Cuando llegué a El Mozote también era un día soleado. Daba la impresión de ser un lugar tranquilo. Casi no había gente ni movimiento en la calle principal. Llegamos a la plaza frente a la iglesia, junto a la cual está además el monumento, con las placas de los nombres de los muertos. Una de las personas que iba con nosotros estuvo allí, a los pocos días de la matanza. Su escuadra guerrillera fue enviada para ver qué había pasado, porque se sabía que el ejército había tenido un operativo en la zona.
Contaba que desde antes de llegar al pueblo se sentía el olor de la descomposición. Vieron cuerpos aislados en las afueras, en el monte. Casas baleadas y quemadas. Calles solitarias y silenciosas. Cuando llegaron al mismo lugar en donde estábamos parados, descubrieron la magnitud de la matanza. El comandante de la unidad ordenó enterrar los cuerpos, pero en algún momento se dieron cuenta que eran demasiados. Era una tarea interminable y también difícil, por el estado de los cadáveres.
Al escuchar su relato, no pude evitar las lágrimas. Nuevamente, intentar imaginar tanto dolor y crueldad me abrumó. Nos quedamos callados unos minutos, cada quien procesando lo recién escuchado. Cuesta aceptar la capacidad de crueldad de la que es capaz el ser humano, peor aún, cuando se trata de violencia extrema ocurrida en tu propio país.
Fuimos a dar una vuelta al pueblo. Todavía podían verse agujeros de balas en las fachadas de algunas casas. Había leído testimonios y visto incontables fotografías de la masacre. Pero estar en el preciso lugar de los hechos y escuchar la historia allí mismo, era otra cosa. Estar ahí era un baño de humildad, un detonante obligado para reflexionar sobre la maldad, pero también sobre la resistencia de aquellos que han tenido que sobrevivir alguna forma de infierno en vida.
Visitar lugares donde han ocurrido este tipo de tragedias puede servir para darnos una perspectiva real de los eventos. Aunque conozcamos los hechos, hayamos visto documentales, escuchado testimonios y visto fotografías, estar allí mismo reconfirma su ocurrencia. No es un ejercicio sencillo a nivel emocional, pero me parece necesario, sobre todo si se hace con el afán de aprender y comprender.

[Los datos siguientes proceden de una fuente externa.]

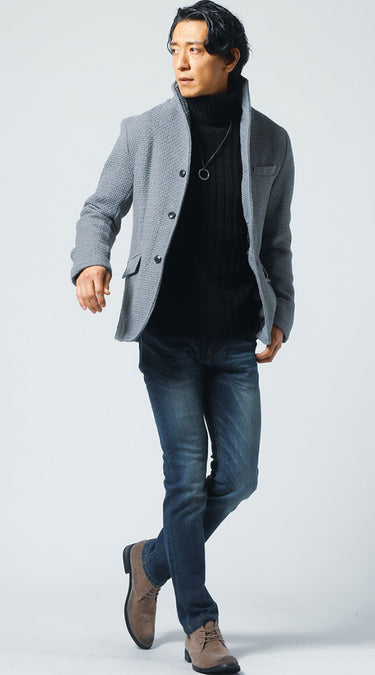 コーディネート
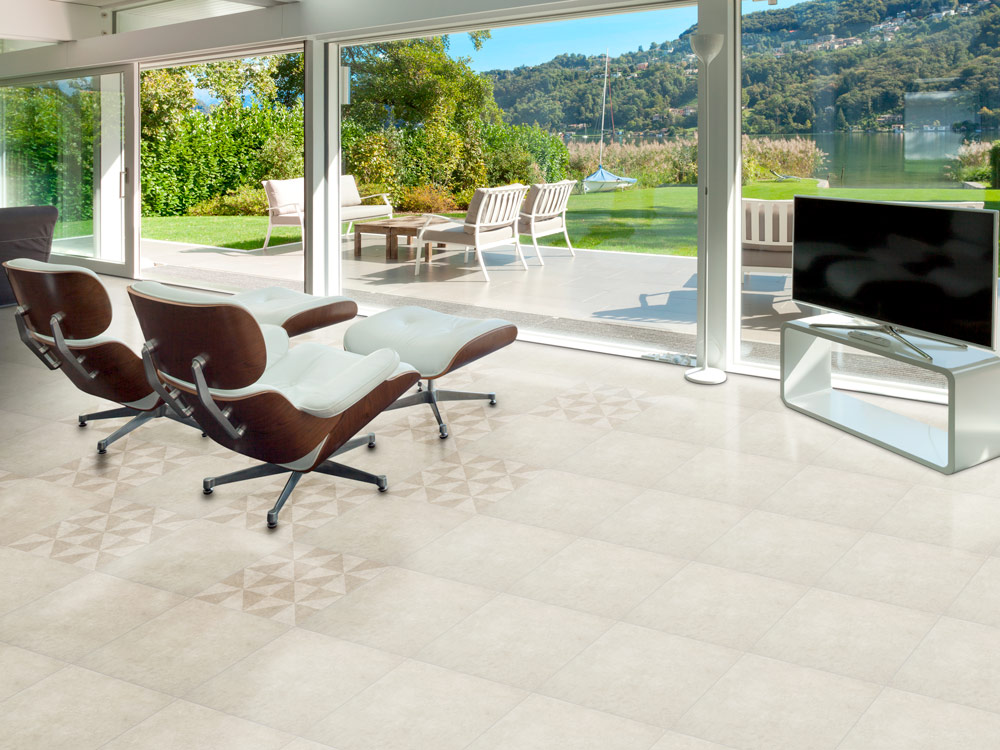 PORCELANATO 61X61 CEMENT GRIGIO 61024 (1.87M2 X CAJA )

Han pasado cuarenta años, y varios gobiernos, desde aquel diciembre negro de 1981. Los sobrevivientes de la masacre de El Mozote y lugares aledaños van muriendo poco a poco. Los intentos por lograr justicia han sido lentos y complicados. La paz para el dolor de los sobrevivientes y sus familiares ha sido esquiva.
Ojalá esta conmemoración sirva para recordanos que, en una guerra, en un campo de concentración, en una masacre, perdemos todos, la sociedad en su conjunto. No sólo la gente que tuvo que vivir aquellos eventos en carne propia sino también, las generaciones por venir, porque los traumas que se originan a partir de ello dejan heridas permanentes, difíciles de cicatrizar.
Muchas veces, y esto está confirmado por numerosos estudios psicológicos, los traumas son heredados a hijos y nietos, que conviven y crecen con problemas y miedos cuyo origen no logran comprender. Por eso es importante que hagamos rescate de memoria, la cual no se limita al discurso público, a un monumento ni a la narrativa congelada en un museo o en un texto escolar. Es imprescindible el diálogo intergeneracional, hablar y escuchar, con sinceridad y con respeto por el dolor ajeno.
Como sociedad, seguimos teniendo una enorme deuda con El Mozote. Pero quizás, si por fin comenzamos ese diálogo y se logran la justicia y la reparación necesarias, podremos evitar que en nuestro país vuelva a repetirse este horror.
(Publicada en la sección de opinión, La Prensa Gráfica, domingo 5 de diciembre, 2021. Foto propia).